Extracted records
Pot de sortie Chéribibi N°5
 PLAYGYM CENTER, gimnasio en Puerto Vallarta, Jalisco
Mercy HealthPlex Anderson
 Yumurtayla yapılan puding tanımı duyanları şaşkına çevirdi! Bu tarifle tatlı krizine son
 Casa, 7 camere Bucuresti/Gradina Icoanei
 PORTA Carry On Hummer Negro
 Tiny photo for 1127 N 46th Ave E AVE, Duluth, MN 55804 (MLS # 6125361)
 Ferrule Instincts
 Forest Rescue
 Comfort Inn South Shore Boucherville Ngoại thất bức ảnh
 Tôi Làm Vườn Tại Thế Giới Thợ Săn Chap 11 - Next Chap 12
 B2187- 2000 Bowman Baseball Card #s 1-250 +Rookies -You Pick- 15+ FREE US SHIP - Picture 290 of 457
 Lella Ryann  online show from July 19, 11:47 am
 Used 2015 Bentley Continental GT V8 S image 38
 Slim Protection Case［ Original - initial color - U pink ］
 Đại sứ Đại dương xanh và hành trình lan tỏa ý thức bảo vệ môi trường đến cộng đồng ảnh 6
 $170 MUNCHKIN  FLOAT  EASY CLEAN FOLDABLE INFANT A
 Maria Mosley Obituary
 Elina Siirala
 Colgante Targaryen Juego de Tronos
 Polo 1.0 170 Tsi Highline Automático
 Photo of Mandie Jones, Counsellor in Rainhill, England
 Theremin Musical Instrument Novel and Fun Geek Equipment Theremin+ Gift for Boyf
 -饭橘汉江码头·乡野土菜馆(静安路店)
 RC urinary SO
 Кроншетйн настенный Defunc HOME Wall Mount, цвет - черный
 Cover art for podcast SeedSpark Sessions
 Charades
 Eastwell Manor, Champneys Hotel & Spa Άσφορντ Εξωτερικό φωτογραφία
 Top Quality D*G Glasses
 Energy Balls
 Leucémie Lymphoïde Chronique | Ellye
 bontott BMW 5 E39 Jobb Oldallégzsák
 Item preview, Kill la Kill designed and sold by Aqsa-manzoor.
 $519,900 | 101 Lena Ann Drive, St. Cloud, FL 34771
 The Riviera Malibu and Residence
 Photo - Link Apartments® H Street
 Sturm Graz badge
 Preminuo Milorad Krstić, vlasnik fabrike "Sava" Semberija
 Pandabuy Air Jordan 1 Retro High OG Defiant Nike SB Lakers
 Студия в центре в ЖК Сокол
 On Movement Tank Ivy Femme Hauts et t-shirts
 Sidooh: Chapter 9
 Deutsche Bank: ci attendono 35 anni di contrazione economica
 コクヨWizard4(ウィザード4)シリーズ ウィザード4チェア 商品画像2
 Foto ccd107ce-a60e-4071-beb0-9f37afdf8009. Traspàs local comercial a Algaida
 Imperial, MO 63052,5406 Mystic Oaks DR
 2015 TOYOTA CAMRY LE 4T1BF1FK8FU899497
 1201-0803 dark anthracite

→ **Activity**:
I would like the records restated exactly, with every line intact.

→ **Written response**:
Pot de sortie Chéribibi N°5
 PLAYGYM CENTER, gimnasio en Puerto Vallarta, Jalisco
Mercy HealthPlex Anderson
 Yumurtayla yapılan puding tanımı duyanları şaşkına çevirdi! Bu tarifle tatlı krizine son
 Casa, 7 camere Bucuresti/Gradina Icoanei
 PORTA Carry On Hummer Negro
 Tiny photo for 1127 N 46th Ave E AVE, Duluth, MN 55804 (MLS # 6125361)
 Ferrule Instincts
 Forest Rescue
 Comfort Inn South Shore Boucherville Ngoại thất bức ảnh
 Tôi Làm Vườn Tại Thế Giới Thợ Săn Chap 11 - Next Chap 12
 B2187- 2000 Bowman Baseball Card #s 1-250 +Rookies -You Pick- 15+ FREE US SHIP - Picture 290 of 457
 Lella Ryann  online show from July 19, 11:47 am
 Used 2015 Bentley Continental GT V8 S image 38
 Slim Protection Case［ Original - initial color - U pink ］
 Đại sứ Đại dương xanh và hành trình lan tỏa ý thức bảo vệ môi trường đến cộng đồng ảnh 6
 $170 MUNCHKIN  FLOAT  EASY CLEAN FOLDABLE INFANT A
 Maria Mosley Obituary
 Elina Siirala
 Colgante Targaryen Juego de Tronos
 Polo 1.0 170 Tsi Highline Automático
 Photo of Mandie Jones, Counsellor in Rainhill, England
 Theremin Musical Instrument Novel and Fun Geek Equipment Theremin+ Gift for Boyf
 -饭橘汉江码头·乡野土菜馆(静安路店)
 RC urinary SO
 Кроншетйн настенный Defunc HOME Wall Mount, цвет - черный
 Cover art for podcast SeedSpark Sessions
 Charades
 Eastwell Manor, Champneys Hotel & Spa Άσφορντ Εξωτερικό φωτογραφία
 Top Quality D*G Glasses
 Energy Balls
 Leucémie Lymphoïde Chronique | Ellye
 bontott BMW 5 E39 Jobb Oldallégzsák
 Item preview, Kill la Kill designed and sold by Aqsa-manzoor.
 $519,900 | 101 Lena Ann Drive, St. Cloud, FL 34771
 The Riviera Malibu and Residence
 Photo - Link Apartments® H Street
 Sturm Graz badge
 Preminuo Milorad Krstić, vlasnik fabrike "Sava" Semberija
 Pandabuy Air Jordan 1 Retro High OG Defiant Nike SB Lakers
 Студия в центре в ЖК Сокол
 On Movement Tank Ivy Femme Hauts et t-shirts
 Sidooh: Chapter 9
 Deutsche Bank: ci attendono 35 anni di contrazione economica
 コクヨWizard4(ウィザード4)シリーズ ウィザード4チェア 商品画像2
 Foto ccd107ce-a60e-4071-beb0-9f37afdf8009. Traspàs local comercial a Algaida
 Imperial, MO 63052,5406 Mystic Oaks DR
 2015 TOYOTA CAMRY LE 4T1BF1FK8FU899497
 1201-0803 dark anthracite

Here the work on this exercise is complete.